For those of you wondering what the background story on the previous post is about: we had a meeting today to discuss 2 alternatives on how we should implement the database audit trail for a new project we're doing. These are the functional requirements:
- We have to be able to easily retrieve what user X changed in the database on day Y or during a certain time frame.
- We need to know what record X looked like at point Y in time, and be able to show a historic list of changes for a specific record.
- We need to configure the duration for which auditing data must be kept in the database on a per-table (or per-schema) level
We've done this in the past, but never in a manner that is just perfect (or close enough to being perfect anyway) for both requirements. So we discussed two alternative approaches to tackling this problem.

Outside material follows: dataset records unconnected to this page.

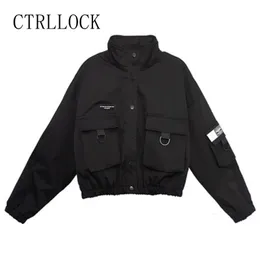 Kvinnors jackor ctrllock Techwear Women Black Stand Collar Jacket Casual Long Sleeve Pocket Female Outerwear Hiphop Fashion 230301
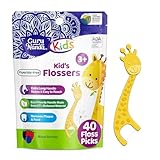 GuruNanda Dental Floss Picks for Kids, Extra-Long Giraffe-Shaped Picks, Fluoride-Free, Anti-Slip & Shred-Resistant Design & Eco-Friendly Handle & Berry Flavor, Ideal for Ages 3+, 40 Count (Pack of 1)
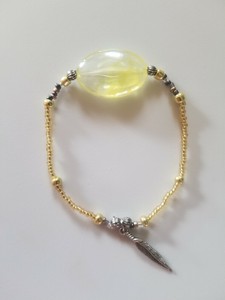 womens-handmade-unique-beautiful-healing-gem-glass-bead-gold-stretch-bracelet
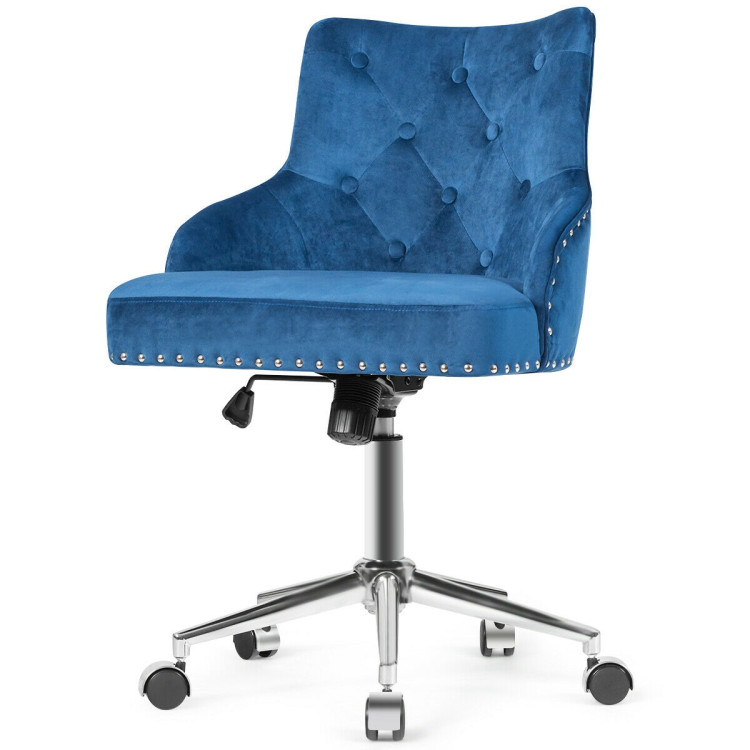 Tufted Upholstered Swivel Computer Desk Chair with Nailed Tri-BlueCostway Gallery View 4 of 10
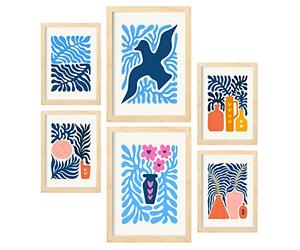 Nacnic Lot de 6 affiches Minimalisme aux couleurs vives. Feuilles bleues. Impressions de paysage et de nature pour la décoration intérieure et la décoration. A3 & A4, cadres en bois.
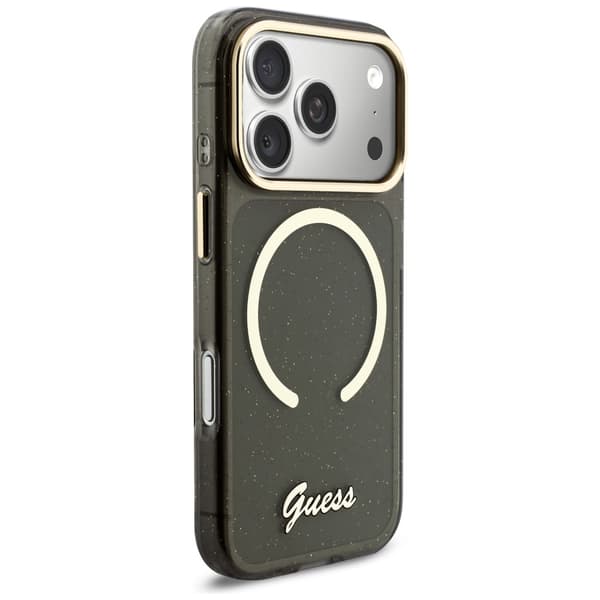 Guess IML Glitters Script Strap MagSafe-skal till iPhone 17 Pro Svart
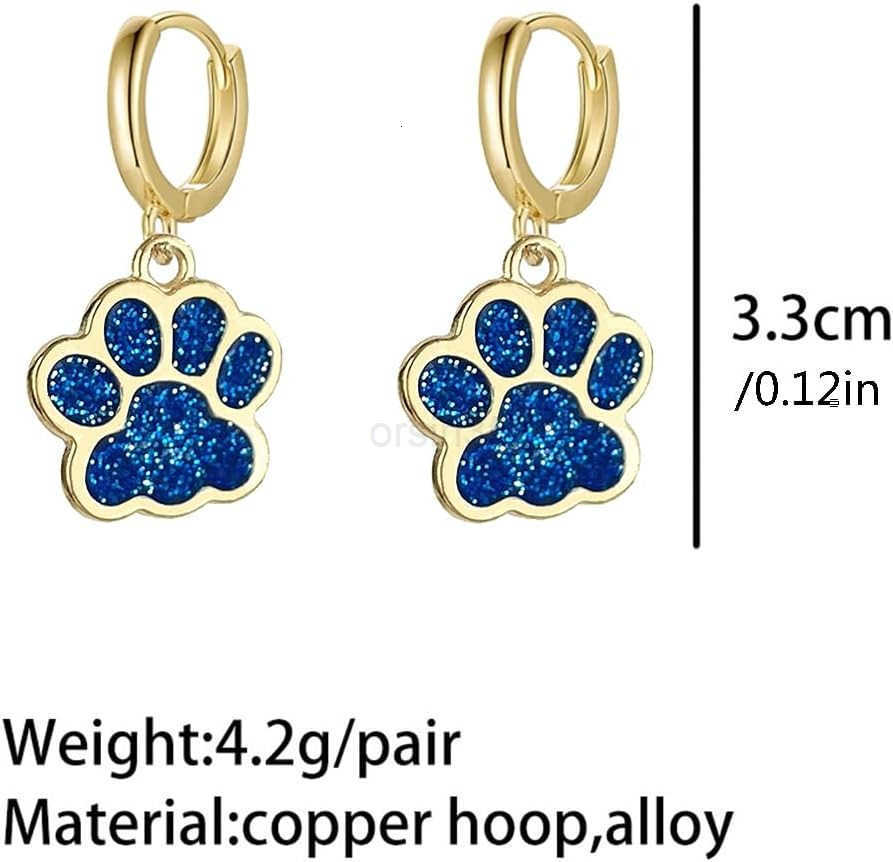 Cute Paw Charm Glitter Enamel Cartilage Small Hoop Dangle Drop Earrings for Women Girls Sensitive Ear 14K Gold Plated Colorful Animal Paw Dog Cat Pet 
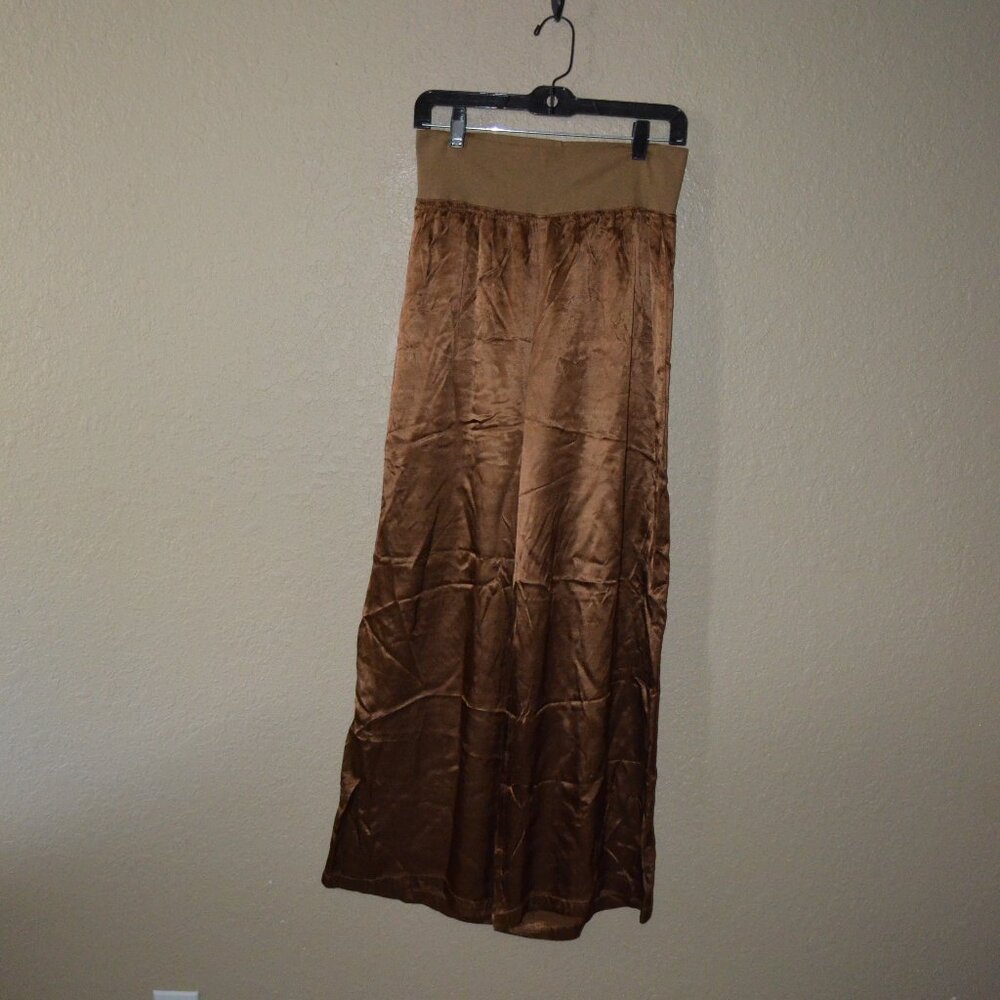 NWT $128 Hard Tail Hickory Copper Rayon Wide Leg Comfy Pants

The first approach is to have 3 tables. The first two tables would contain metadata about the database structure (tables and columns basically). The third table would have a reference to each column with a previous value, the new value, who changed it and a timestamp of when the change occurred. We would use database triggers that would store the appropriate auditing data in the third table for each action (insert/update/delete). The benefits of this approach would be that it would be pretty easy to set up and also easy to query which changes were made by a certain user. It would be a bit more complex to reconstruct the state of a record at a certain point in time, but it would still be doable. The biggest downside (in my opinion), is that for each insert/update you would have X amount of inserts into the auditing table, and you'd also have to either perform some queries to get the identifier values of the relevant tables/columns or hardcode those identifier values in the generated triggers to avoid the cost of the extra select statements. So if you have an entity with 12 columns, an insert into the entity's table would mean 12 inserts into the auditing table. Updating 4 columns of that entity would lead to 4 insert statements in the auditing table, etc...
The other alternative that we considered was to use a specific auditing table for each real table, and every time a user does an insert/update/delete, insert one record into the table's specific auditing table with the current state of the record along with a timestamp, the userid, and an indication of which action was performed (insert/update/delete). This insert would also be done with database triggers. The benefits of this approach would be that it would be very easy to show what the state of a certain entity was at a certain point in time, and that you'd only pay the cost of the single extra insert. There are however two big downsides to this approach. The first is that it'll lead to an explosion of tables. We'd probably store the auditing tables in a separate database but you still basically have twice the amount of tables (and scripts!) that you'd have to worry about compared to what you'd usually have. We can very realistically expect a couple hundred of real tables in a few years, so you'd have to multiply that by two if you'd go for this auditing approach. Another big downside is that it would be very expensive to perform a query which would tell you what user X changed at point Y in time (or during a time frame).
Neither solution appears to be ideal. Also, this database will definitely grow a lot (more tables and obviously data) as we add more functionality and it's pretty safe to consider this entire project as something that will be expanding in functionality for a couple of years to come.
So my question to you is: Which approach do you think is best, and why? Or better yet, is there a better approach that we simply haven't thought of yet? I would definitely appreciate some feedback on this (either on the validity of both approaches or alternative approaches) so please do feel free to leave your thoughts in the comments ![]()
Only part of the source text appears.